BLOGGERS of Zambia chief executive officer Richard Mulonga says journalists and civil society organisations should monitor the implementation of the data protection Act.

During an online training, Mulonga said journalists should read and understand the data protection Act.

“In Zambia sometimes, implementation or enforcement of these laws is done at the convenience of the police or the government because for example someone who is critical has challenged them so they look for a law and then descend on them,” he said.

Mulonga said journalists should monitor the implementation of the law to check for excesses and abuses.

And legal officer at the Collaboration on International ICT Policy in East and Southern Africa, Edrine Wanyama said there were positives and negatives that emerge from the data protection Act.

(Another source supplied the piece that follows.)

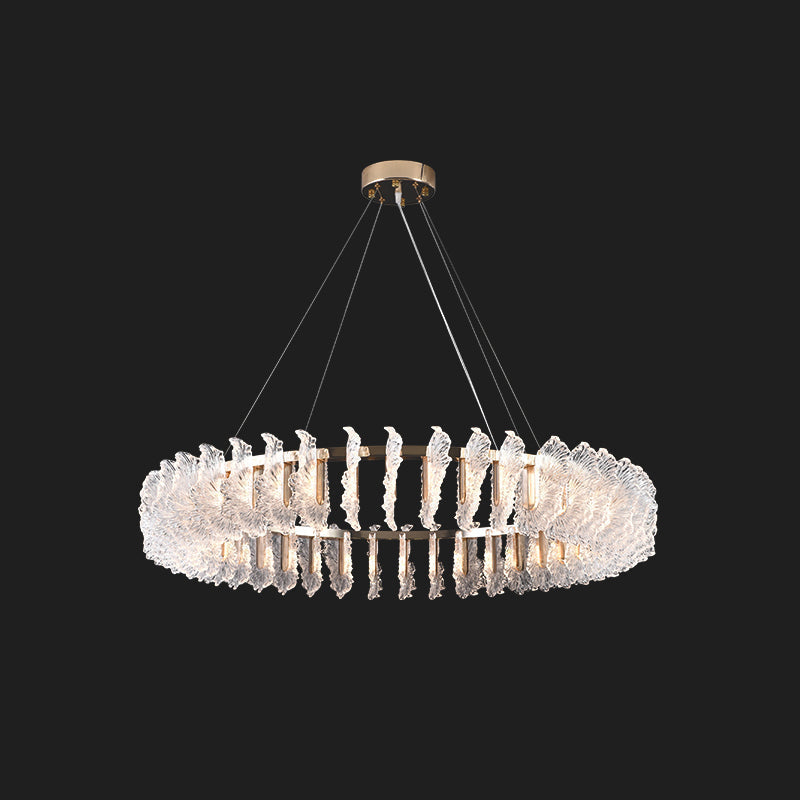 Chandelier en Verre et Acrylique de Luxe Ulcarir Feuille - Neutralighting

Wanyama said the enactment of the data protection Act was good because it is a sign of the government’s commitment to data protection.

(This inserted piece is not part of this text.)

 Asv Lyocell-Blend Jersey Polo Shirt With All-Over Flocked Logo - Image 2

“From the Act we have some positives that emerge as well as negatives that emerge from that particular law. The positive is that all the laws of Zambia are based on the principles and rules related to data processing. This is quite good, it reflects the acceptable standards of data protection and privacy,” he said.

Wanyama said as regards to processing of personal data, the law was specific that when data controllers are doing data processing, they should ensure that the processing does not override the interest or fundamental freedoms of the data subject.

“In other ways, if the data controller or processor is processing your data, they should weigh and look at your fundamental freedoms. If processing will interfere with your fundamental rights and freedoms then it should not go ahead,” he said.

Wanyama said the data protection Act puts in place checks and balances.

He said the Act also exempts journalistic work from works that were prohibited from access especially when it comes to publications of information that relates to the privacy of the individual.

According to CIPESA’s analysis of Zambia’s cyber security the law, while cyber security is critical in the highly evolving technological era, it is important that a rights-based approach is employed in the development of policies and laws to ensure the adopted laws and policies do not wantonly limit individual rights and freedoms.

CIPESA stated that the cyber security and cybercrimes Act, in its current state offers some solutions to emerging challenges in the digital space but has wide negative impacts on the protection, promotion and enjoyment of digital rights and freedoms.

The online training attracted journalists from all the 10 provinces.